Qian Hai-Dong, Song Xiang-Yuan, He Guan-Wen, Peng Xue-Ni, Chen Ying, Huang Pan, Zhang Jing, Lin Xiao-Yan, Gao Qiao, Zhu Sen-Miao, Li Tong, Chi Zai-Long
State Key Laboratory of Ophthalmology, Optometry and Visual Science, Eye Hospital of Wenzhou Medical University, Wenzhou, 325027, China.

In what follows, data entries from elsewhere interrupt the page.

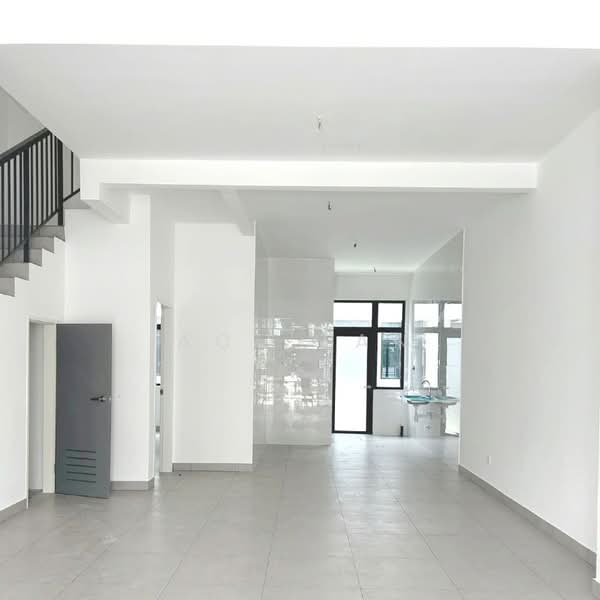 Rumah Teres 2 Tingkat untuk Dijual di Taman Eco Cascadia (Tebrau) - Ace Tan - Living Room - PropertyGuru.com.my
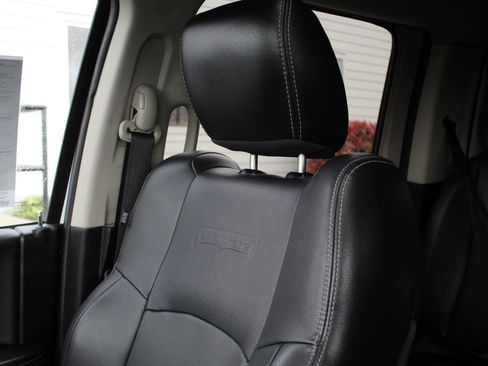 Used 2013 RAM 1500 Laramie w/ Convenience Group AWD/4WD image 40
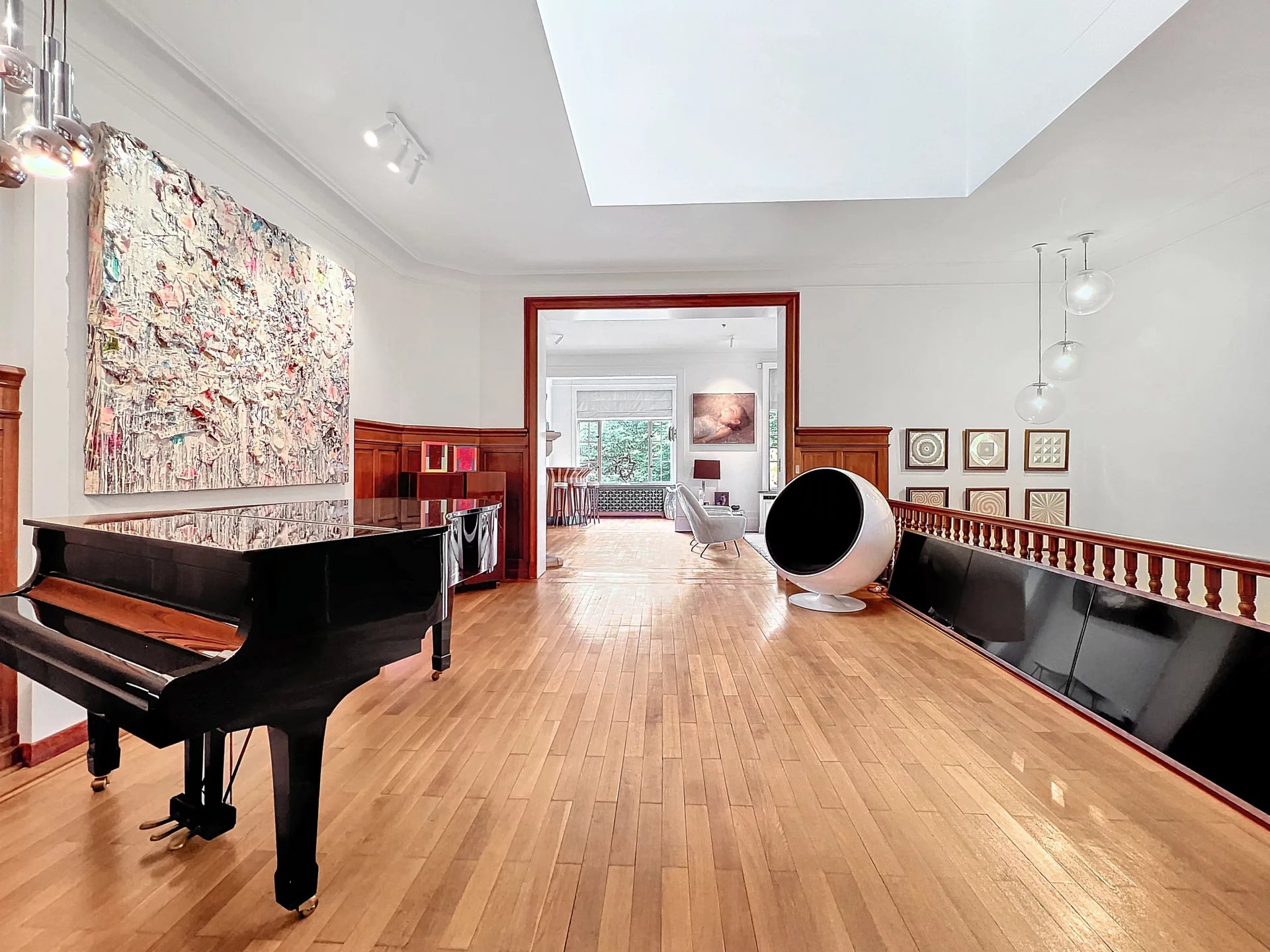 Square Vergote - Mooi geklasseerd huis met tuin en garage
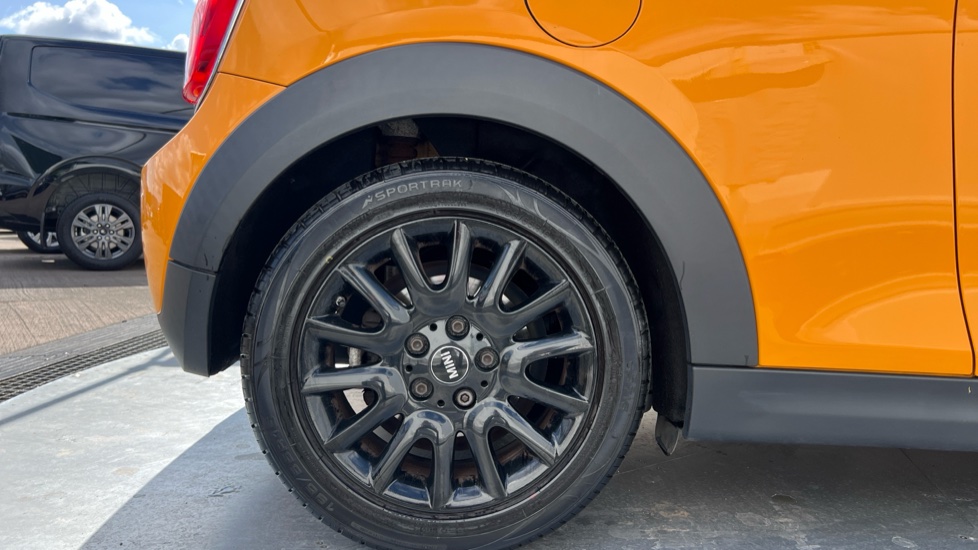 MINI Hatchback 1.5 Cooper 3dr Petrol Hatchback - Image 7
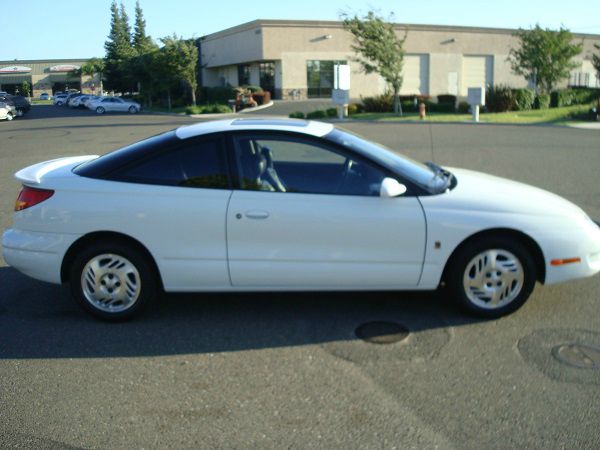 Saturn S Series 1999 photo 1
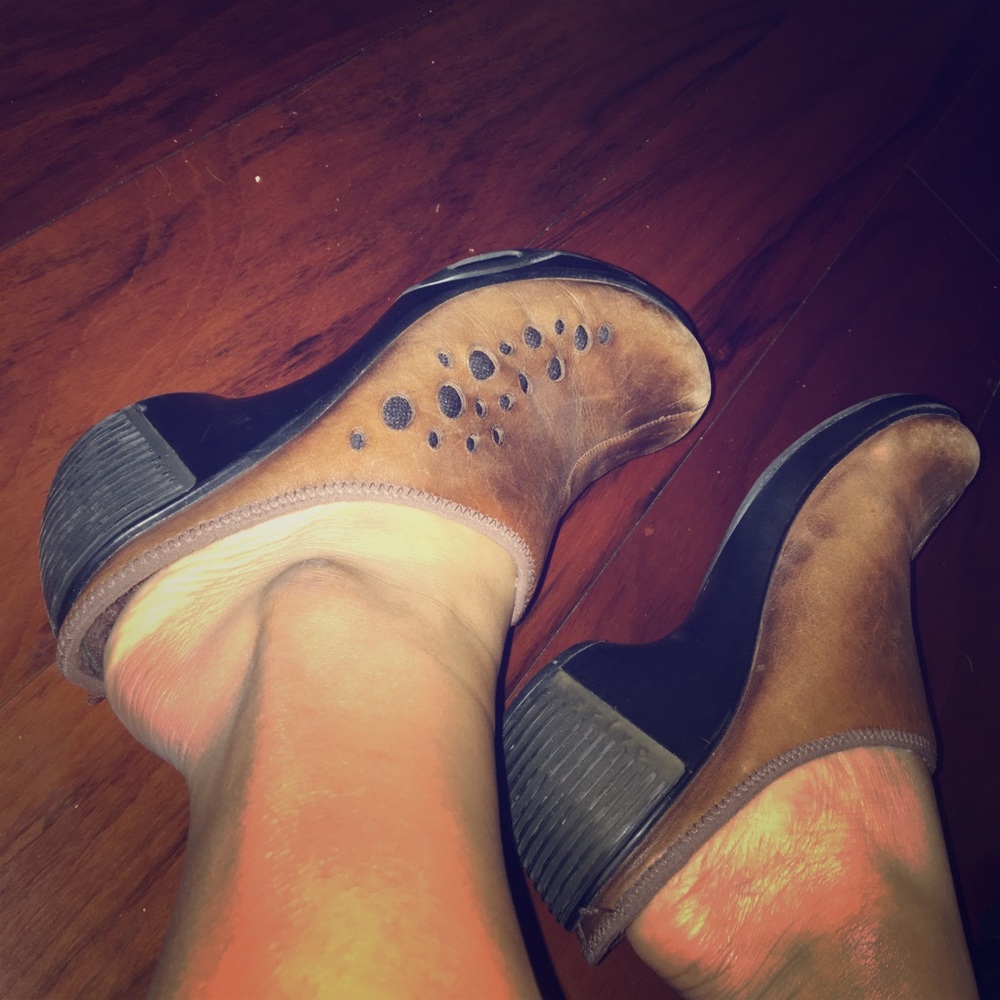 Clogs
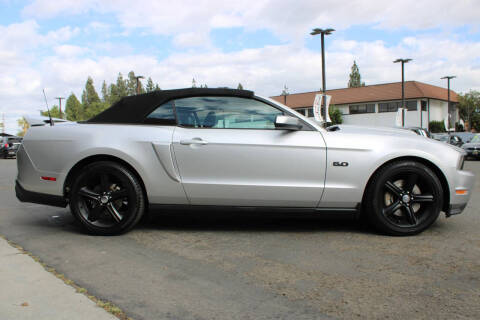 2011 Ford Mustang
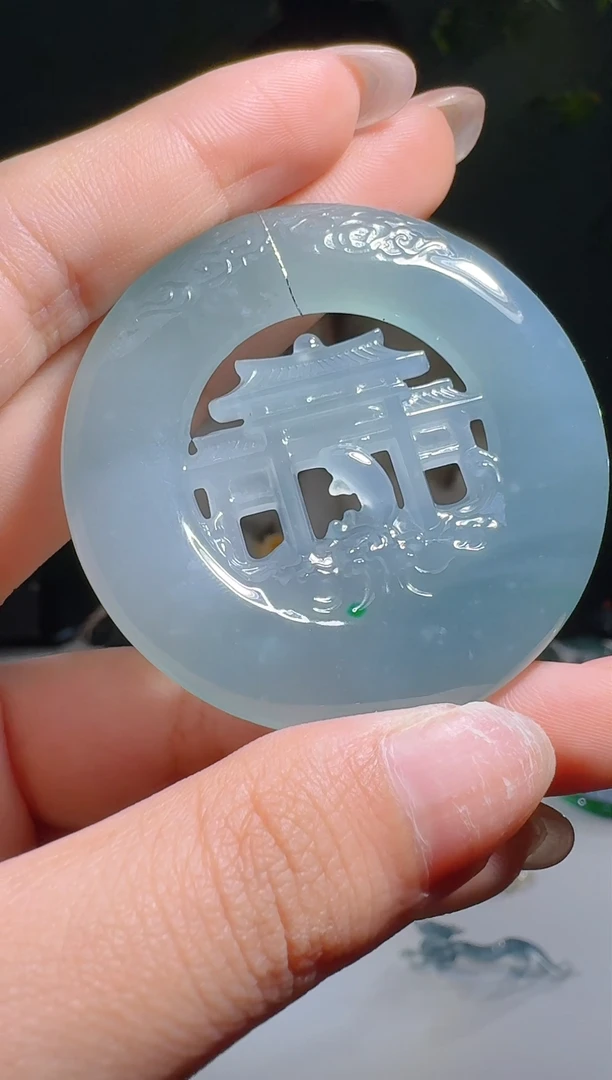 【闪购商品】翡翠颈饰未镶嵌天然A货翡翠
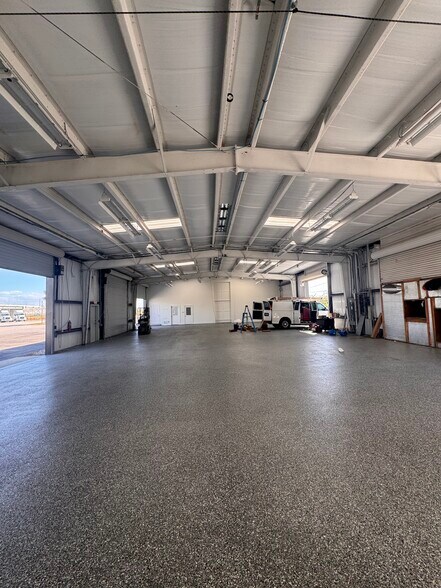More Photos Of 4455 Ulmerton Rd, Clearwater Warehouse For Lease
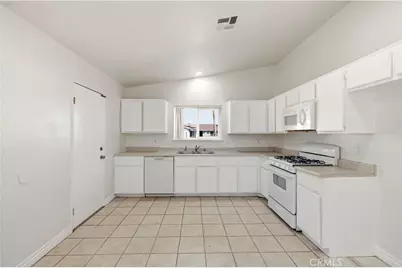 2906 Casamia, Palmdale, CA 93550 - Photo 11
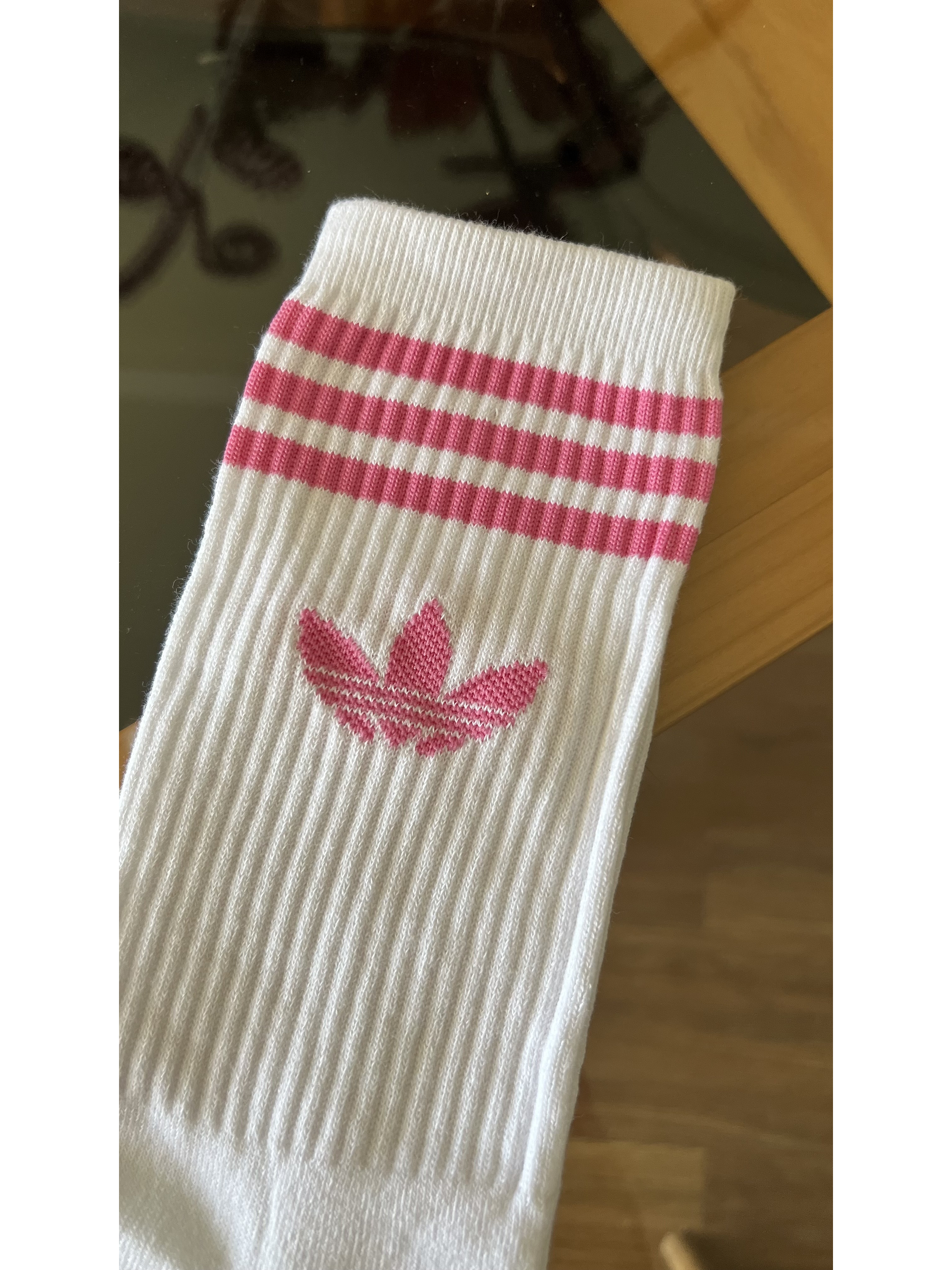 Calcetas adidas blancas logo rosado 1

National Clinical Research Center for Ocular Diseases, Eye Hospital of Wenzhou Medical University, Wenzhou, 325027, China.
Adv Healthc Mater. 2025 May;14(12):e2404306. doi: 10.1002/adhm.202404306. Epub 2025 Mar 25.
Retinal ganglion cell (RGC) degeneration leads to irreversible blindness. Müller glia (MG) play pivotal roles in retinal homeostasis and disease through paracrine signaling. Small extracellular vesicles (sEVs) are bioactive nanomaterials derived from all types of live cells and are recognized as a potential strategy for neuroprotective therapy. The aim of this study is to investigate the potential roles of MG-derived sEVs (MG-sEVs) in a mouse model of optic nerve injury (ONC). It is found that MG-sEVs treatment effectively mitigates RGC degeneration and suppresses microglial activation, thereby improves visual function in ONC mice. Retinal transcriptomic analysis reveals a strong correlation between C-x3-c motif chemokine ligand 1 (Cx3cl1)-mediated glial activation and inflammation. Subsequently, it is confirmed that the expression levels of Cx3cl1 and proinflammatory cytokines are significantly decreased in retinas treated with MG-sEVs. The components analysis of MG-sEVs cargo identifies that miR-125b-5p and miR-16-5p target Cx3cl1 gene to regulate its expression. It is also observed that Cx3cl1 colocalizes on the microglia of transgenic C-x3-c motif chemokine receptor 1 (Cx3Cr1)-GFP mice. In conclusion, MG-sEVs mitigate RGC degeneration by suppressing microglial activation via Cx3cl1-Cx3cr1 signaling. This research provides additional opportunities for the treatment of RGC degeneration.
视网膜神经节细胞(RGC)变性会导致不可逆的失明。穆勒胶质细胞(MG)通过旁分泌信号在视网膜内环境稳态和疾病中发挥关键作用。小细胞外囊泡(sEVs)是源自所有类型活细胞的生物活性纳米材料,被认为是神经保护治疗的一种潜在策略。本研究的目的是探讨MG衍生的sEVs(MG-sEVs)在视神经损伤(ONC)小鼠模型中的潜在作用。研究发现,MG-sEVs治疗可有效减轻RGC变性并抑制小胶质细胞活化,从而改善ONC小鼠的视觉功能。视网膜转录组分析揭示了C-X3-C基序趋化因子配体1(Cx3cl1)介导的神经胶质细胞活化与炎症之间存在密切相关性。随后,证实MG-sEVs处理的视网膜中Cx3cl1和促炎细胞因子的表达水平显著降低。对MG-sEVs货物的成分分析确定miR-125b-5p和miR-16-5p靶向Cx3cl1基因以调节其表达。还观察到Cx3cl1在转基因C-X3-C基序趋化因子受体1(Cx3Cr1)-绿色荧光蛋白(GFP)小鼠的小胶质细胞上共定位。总之,MG-sEVs通过Cx3cl1-Cx3cr1信号通路抑制小胶质细胞活化,从而减轻RGC变性。这项研究为RGC变性的治疗提供了更多机会。